Camargo, conforme registro em sua rede social, é formado em jornalismo pela PUC de São Paulo, mas faz constantes ataques à imprensa. Em uma postagem do dia 31 de outubro, ele afirmou ter trabalhado no jornal “O Estado de S. Paulo”. “Acabo de bloquear um dos últimos ex-colegas da redação do Estadão que me seguia. É um esquerdista. Não dá”. No dia seguinte, escreveu: “É dever moral de todo direitista desacreditar artistas e jornalistas. São parasitas e inimigos do povo e querem a nossa desgraça.”
Secretaria de Cultura não comenta
O GLOBO questionou, por meio da assessoria de imprensa, se o secretário de Cultura, Roberto Alvim, tem conhecimento desses posicionamentos de Sergio Camargo nas redes sociais e se ele acredita que as publicações estão de acordo com o cargo de dirigir a Fundação Cultural Palmares, que tem como objetivo preservar a cultura e manifestações afro-brasileiras.
A Secretaria de Cultura, no entanto, informou que não se posicionará sobre a nomeação, mas confirmou que a indicação de Camargo partiu de Alvim. Segundo o secretário Especial de Cultura, as trocas foram feitas a pedido dele e devem prosseguir durante a semana. Ele afirmou que só irá comentar sobre os novos nomes após a conclusão das mudanças.
A reportagem também procurou o Ministério do Turismo, ao qual a Cultura é subordinada, para comentar as publicações de Sérgio Camargo, mas a assessoria de comunicação alegou que cabe à secretaria responder as perguntas. Apesar disso, confirmou que a nomeação teve o aval do ministro.
Nos bastidores, comenta-se que a nomeação foi à revelia de Marcelo Álvaro Antônio. Há poucos dias, ele comentava que não pretendia fazer mudanças nos órgãos ligados à Cultura e que passaram para sua pasta no dia 7 de novembro.
Conforme o GLOBO informou naquela data, antes de transferir a Secretaria Especial de Cultura e outros órgãos ligados à área para o Ministério do Turismo, o governo Jair Bolsonaro considerou fazer a mudança do setor para Ministério da Educação (MEC) e também para a Casa Civil . Mas integrantes das duas pastas rejeitaram a ideia. A Cultura é considerada, mesmo internamente, um foco de constante polêmica e problemas do governo.

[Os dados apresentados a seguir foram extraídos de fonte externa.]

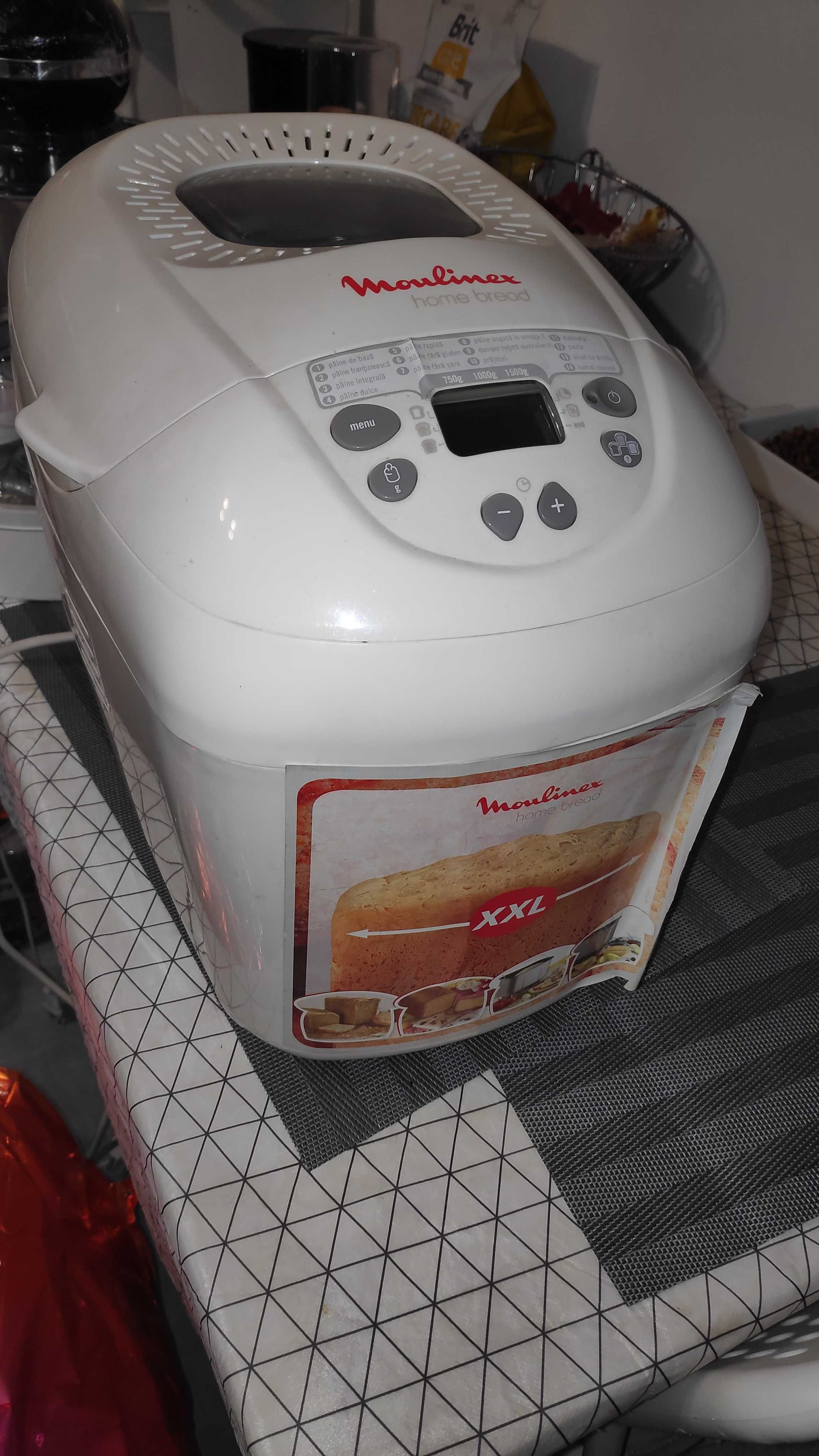 Mașină de făcut pâine Moulinex XXL home bread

O ministro Marcelo Alvaro Antônio, investigado no caso das supostas candidaturas laranjas do PSL em Minas Gerais, concordou em abarcar na sua pasta a Secretaria Especial de Cultura. Ao fazer a mudança, o presidente Jair Bolsonaro, que no início de seu governo extinguiu o Ministério da Cultura e impõe uma agenda conservadora, determinou que a área tenha autonomia.